The aim of the game is for Team A to keep the sixpence hidden, and for Team B to locate or dislodge it by issuing commands such as “Up-Jenkyns!,” commands which require Team A to adopt standard but tricky hand positions and gestures.
When Team B calls “Up-Jenkyns!,” the tightly clenched fists of the players on Team A must be at once placed in full view on the table.
The first player on Team B then carefully scans the fists for any sign of sixpence possession, and also the faces of his opponents to detect any hint, any flicker of self-consciousness, or some other clue as to the location of the sixpence.
Having made the best possible assessment, the first player reaches over and touches the hand in which he hopes the sixpence will be, saying, “Tip It.” The hand is then opened.
If the guess is correct the sixpence passes to Team B, and play recommences. If wrong, Team A repeats the process, hides it again, and the second player on Team B tries to discover its whereabouts. Strategies of bluffing and deception are liberally employed by Team A in an effort to mislead Team B, whilst various types of call are deployed as confusingly as possible by Team B, in an effort to flush out the sixpence. Systems of scoring vary from family to family.
According to The Weekend Book, as authoritative a source as I have been able to locate,
Orders can only be legally obeyed when given by one of the Captains; and if the team which is hiding the Sixpence obeys any other order, it loses. The “In” team, which is hiding the coin, must put up its hands the instant the opposing Captain calls “Up-Jenkyns!” but he ought to allow them at least five seconds before he calls. He can keep their hands in the air as long as he likes, for examination purposes; the “Down” calls are “Down-Jenkyns” (hands can be put down as players please); “Smashums!” (hands must be crashed down on the table): “Crawlers!” (hands placed quietly on the table, and fingers quietly undone till the hands lie flat): “Open Windows” (hands must lie on the table with all the fingers but not the thumbs apart); and “Lobster-Pots” (finger-tips only to rest on the table, and fingers to be held at an angle to the palm). In lifting the hands only the Captain’s order must be obeyed; but he should allow free and fair consultation to his own side first. Scores can be played for, by the number of separate “wins,” or the show of hands on the table when the sixpence is discovered. Before the game starts, all rings and spurs to be removed. After the game, let the provider of the sixpence see that he gets it back!

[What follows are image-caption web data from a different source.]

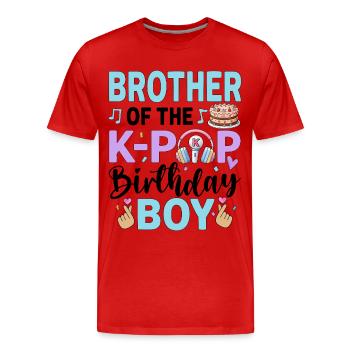 Brother of The K-Pop Birthday Boy - Men's Premium Organic T-Shirt - red - Front - Damien (186cm)
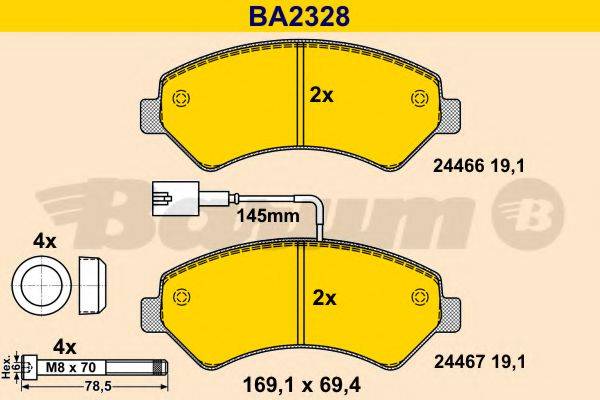 BARUM BA2328 Комплект гальмівних колодок, дискове гальмо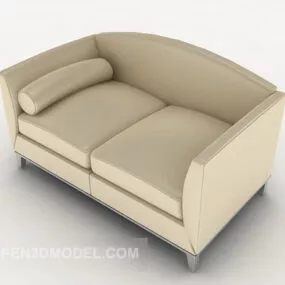 Light-colored Home Double Sofa 3d model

Up-Jenkyns! was popular enough by the 1920s to put in an appearance in The Sittaford Mystery (1931) by Agatha Christie, but some years ago a correspondent to the Guardian suggested that Up-Jenkyns! was played much earlier by young naval officers around the wardroom table using a small object or token representing the ear of Captain Robert Jenkins (d. 1741).
Captain Jenkins was in 1731 master of the merchant brig Rebecca, bound for Jamaica, when according to the Oxford Dictionary of National Biography, he was “boarded on 9 April by a Spanish coastguard off Havana. Jenkins was half-strangled and beaten by the Spanish, who wished to get him to reveal suspected hidden contraband. After failing to discover anything, the Spanish commander cut off part of Jenkins’s ear, ‘bidding him to carry it to his Master, King George’.”
The Jenkins affair contributed much to public enthusiasm for war with Spain, which broke out eight years later for different but related reasons. It was nevertheless known as The War of Jenkins’ Ear.
Meanwhile, I doubt if Up-Jenkyns! is in any way related to jenkinsite, which the Oxford English Dictionary, citing the American Journal of Science, series II, Vol. XIII, 1852, defines as “a variety of hydrophite, found as a fibrous incrustation on iron ore.”
If indeed Up-Jenkyns! was a happy by-product of The War of Jenkins’ Ear, I cannot account for the corrupt spelling. Perhaps one of my readers may know, or care to comment.